Dallin Applebaum “King’s Highway EP”, Stereo Set CDs online

Bandmate Dallin Applebaum‘s King’s Highway EP will finally be released at Funky Butter‘s March 2 gig at the Bitter End– you can hear some tracks from it (“Save Me”, “King’s Highway”) in my player.

Also, you can hear my playing on The Stereo Set‘s To The Sea, now available online at:

http://cdbaby.com/cd/stereoset

http://www.digstation.com/AlbumDetails.aspx?albumid=ALB000002200

I co-produced and I’m on the following tracks:

1. “Buried In The Ground” – bass
2. “Even In Time” – electric gtr
3. “All Is Love” – bass
4. “Nevermind The Circle of Life” – electric gtr, various noises
5. “To The Sea” – bass, organ

Good listening

Some music that has been treating me well lately:

Ali Akbar Khan – Artistic Sound of Sarod
Nusrat Fateh Ali Khan – The Last Prophet
Fela Kuti – Expensive Shit, “Colo Mentality”
Derek & The Dominos – Layla & Other Assorted Love Songs (I keep coming back to this album every year or so)
Cream – Disraeli Gears
Leonin & Perotin – Music From the Notre Dame Cathedral (Tonus Peregrinus)
Jon Brion – Meaningless
Mahavishnu Orchestra – Between Nothingness & Eternity, Inner Mounting Flame

New Tracks from The Stereo Set: “To the Sea”
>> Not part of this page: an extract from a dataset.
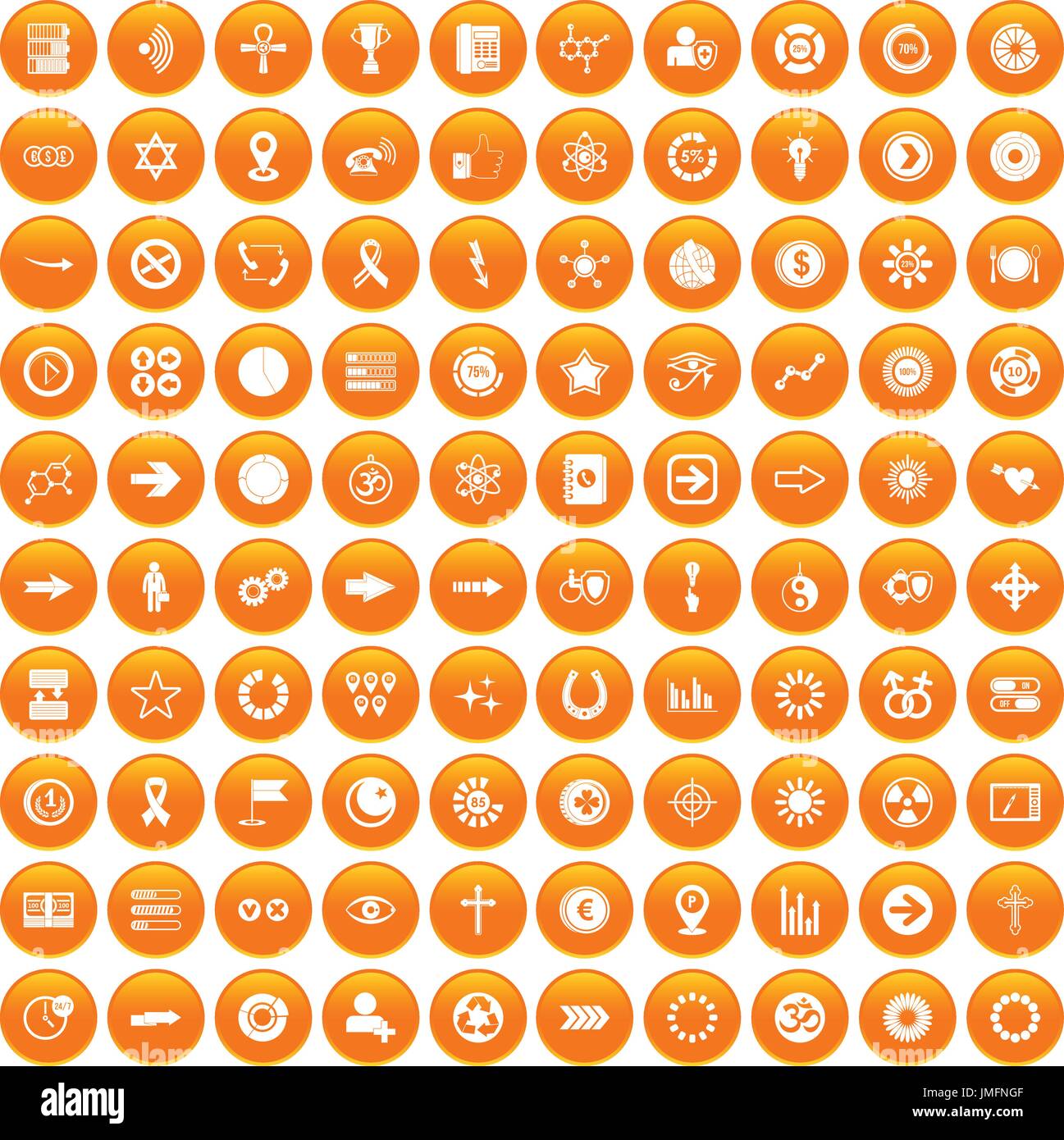 100 graphic elements icons set orange Stock Vector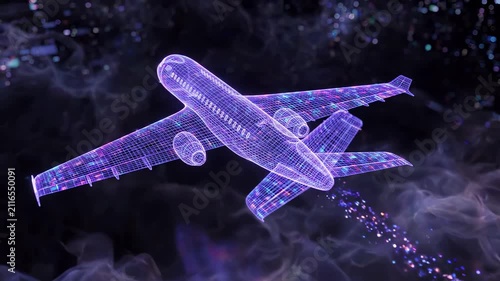 Aircraft with a glowing wireframe structure flying through a dark space. Advanced aviation technology and digital engineering for modern air travel, transport and aerospace innovation with data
Check out the tracks from my just-finished EP with The Stereo Set, To the Sea @ www.myspace.com/TheStereoSet.  You can download them from the SnoCap store @ myspace.com/JusFunk.

I Wish My Name Were Jack

My friend Andy Mullen just released his second album, “I Wish My Name Were Jack” which features yours truly on banjo, mandolin and guitar on a couple tracks including “Bottle On A Shelf” (above). Check him out at www.andymullenmusic.com and www.myspace.com/andymullenmusic. He’ll be touring all summer and I’ll be joining him at Milkboy Coffee in Ardmore, PA on August 3.